È vero che per gli immigrati regolari sono andate aumentando le denunce, ma ancor di più è aumentata la popolazione di riferimento. Le denunce presentate in Italia contro cittadini stranieri sono state 248.291 nel 2005, 275.482 nel 2006, 299.874 nel 2007 e 297.708 nel 2008. In questo stesso periodo le denunce sono aumentate del 19,9%, mentre gli stranieri residenti (quindi, solo quelli regolari anche se essi non sono gli unici autori dei reati) da 2.670.514 a 3.891.293 (aumento del 45,7%). Anche se le denunce riguardassero solamente i cittadini stranieri residenti, l’incremento dei reati sarebbe inferiore all’incremento della popolazione straniera, minando così alla base l’equiparazione tra aumento della popolazione straniera e aumento della criminalità.

c. Il tasso di criminalità dei nuovi immigrati nel VII Rapporto Cnel. La paura diffusa tra gli italiani riguarda in prevalenza i nuovi arrivati, che non si conoscono e perciò destano i maggiori sospetti. Il VII Rapporto Cnel sugli Indici di integrazione degli immigrati in Italia (luglio 2010: cfr. www.cnel.it) è entrato nel merito di questa obiezione e si è chiesto se i cittadini stranieri venuti ex novo in Italia nel periodo 2005-2008 abbiano influito negativamente sulla situazione di sicurezza del Paese.
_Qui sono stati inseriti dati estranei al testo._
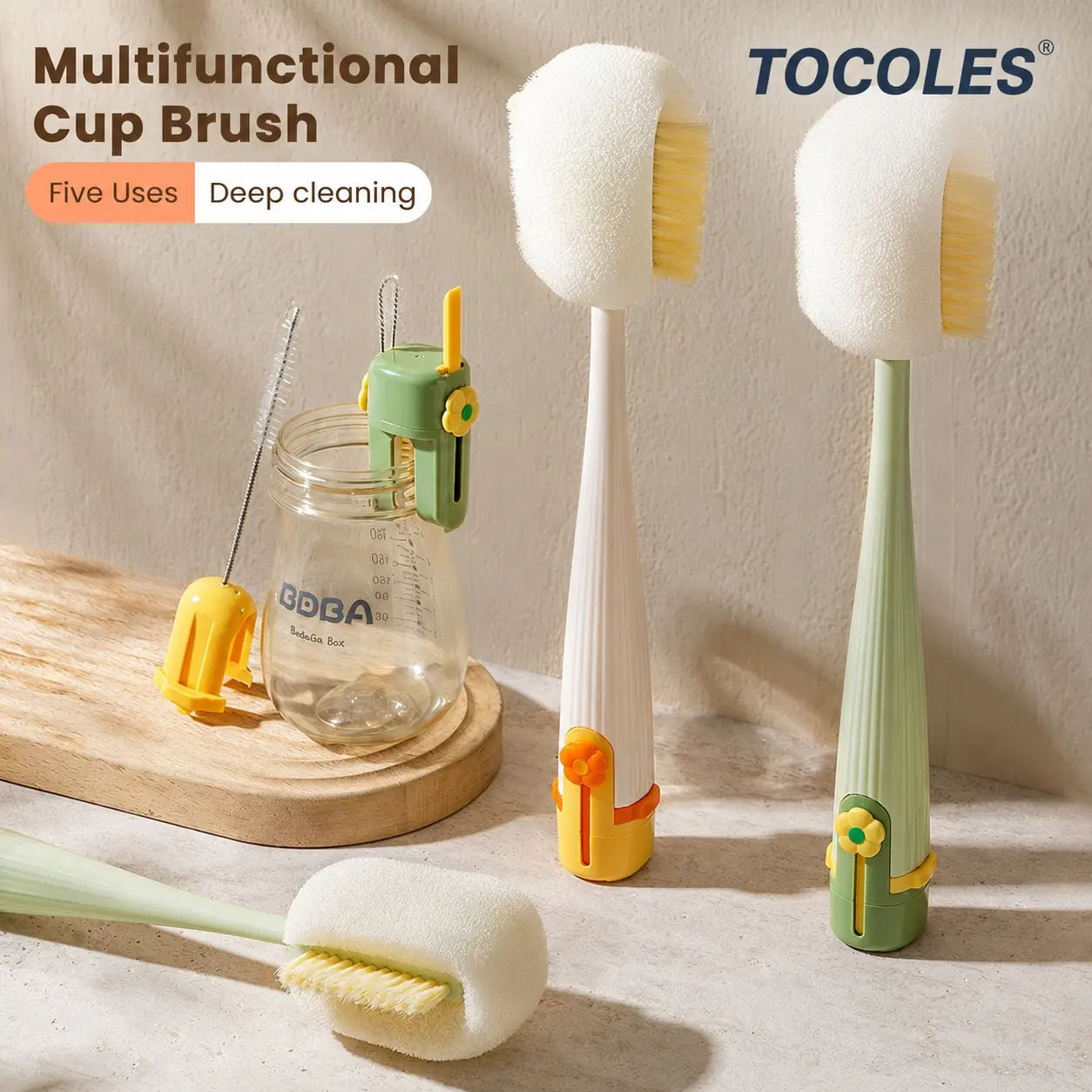 5-in-1 Bottle & Straw Cleaning Brush – Multifunctional Tool for Bottles, Cups, Straws (Cream White/Jasmine Green)-suhui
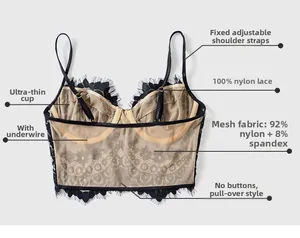 Detail of sheer black eyelash lace bra with underwire and skin-toned mesh lining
A tale scopo è stato ipotizzato che l’aumento delle denunce contro cittadini stranieri (49.417, risultanti della differenza tra quelle del 2005 e quelle del 2008) corrispondano a reati commessi esclusivamente dagli stranieri registrati ex novo come residenti (1.220.779): in questo modo, l’incidenza delle denunce nei loro confronti è del 4,05%, pari a 1 denuncia ogni 24,7 persone.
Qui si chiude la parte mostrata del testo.